The brand’s red, yellow, and blue aren’t just palette choices; they act as wayfinding tools, giving every spread its own pulse while maintaining brand cohesion.
It’s design as both navigation and storytelling.
Outstanding Design Features

1. Color as a System, Not Decoration
What stood out to me wasn’t the food photography alone; it was the control of color.
Each section owns a hue that signals, “You’re in a new chapter now.” It’s smart, not decorative. The palette works like a map, guiding the reader through the range without them ever realizing they’re being guided.
2. Typography That Anchors Trust
What makes the typography effective is its confidence. Elevation Design chose a clean, geometric sans-serif that communicates clarity and experience without trying to impress. It carries the weight of a long-standing brand: steady, familiar, and reliable. The type doesn’t compete with the imagery; it supports it, grounding the brochure in order and professionalism.
3. Photography That Sells Context, Not Just Product
The imagery avoids sterile packshots, opting instead for plated, appetizing compositions that create emotional connection and elevate perception.
4. Layout That Marries Rhythm and Restraint
Balanced use of grids and negative space allows vibrant colors and rich textures to shine without overwhelming the eye.

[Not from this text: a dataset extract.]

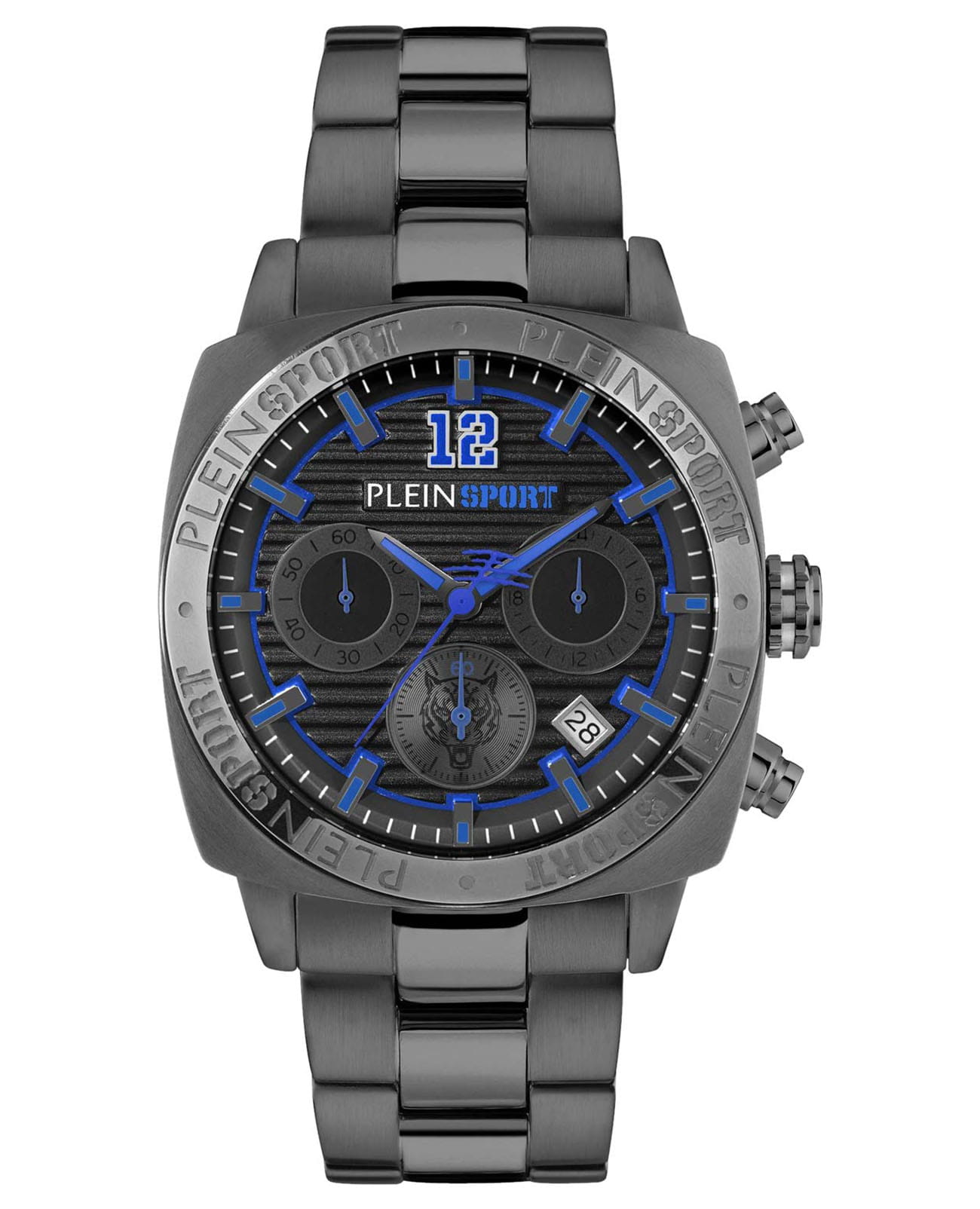 Plein Sport Plein Sport Wildcat PSGBA1323  PSGBA1323 кварцевые мужские часы серый циферблат, браслет сталь с ip покрытием — вид спереди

What Agencies Can Learn from Elevation Design

1. Print Should Be Intentional, Not Nostalgic
Elevation didn’t design a brochure for the sake of tradition. They made print functional again by giving it structure, hierarchy, and rhythm.
2. Color Can Be Strategy, Not Decoration
The smart use of red, blue, and yellow proves that color can clarify information flow as effectively as it can express brand emotion.

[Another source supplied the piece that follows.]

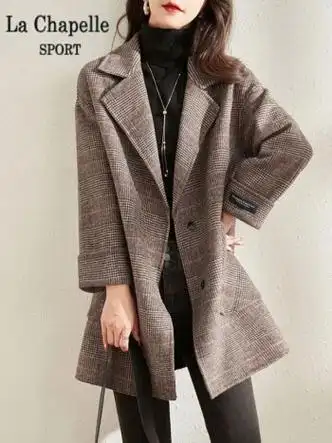 lachapellesport拉夏贝尔品牌千鸟格毛呢大衣女秋冬季新款中长款时尚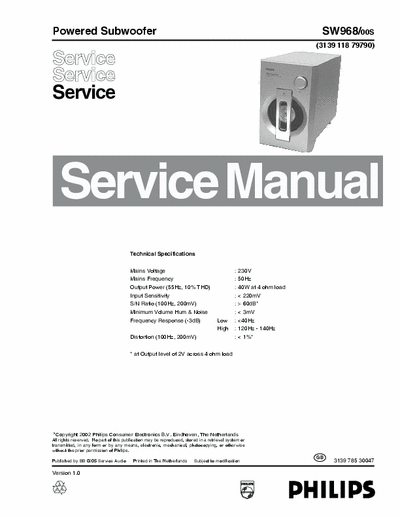 Philips SW968 Service Manual Powered Subwoofer ver. /00S - pag. 8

3. Photography Is Narrative
By shooting food the way people experience it — plated, fresh, and inviting — the design connects emotionally rather than commercially.
4. Pacing Matters
What makes this brochure work is how it’s built to be read, not just flipped through.
Elevation Design planned the pacing like a photo editor, alternating full-bleed imagery with white space, mixing dense spreads with lighter ones, and ending sections on visual pauses that reset attention.
Each spread feels sequenced to maintain appetite and focus, proving that strong print design is as much about flow and pacing as it is about typography or color.
About DesignRush Featured Designs
At DesignRush, we review hundreds of agency projects every month, but only a few capture the craft and discipline of great print. The featured works highlight how design can turn paper, ink, and structure into a tangible brand experience.
Our strongest entries often go on to become Monthly Design Award winners, recognized for design systems that communicate as clearly in hand as they do on screen.
Discover more design excellence across categories:
- Best Print Designs
- Best Website Designs
- Best App Designs
- Best Logo Designs
- Best Packaging Designs
- Best Video Designs
For a curated list of top agencies and services, visit our Agency Directory.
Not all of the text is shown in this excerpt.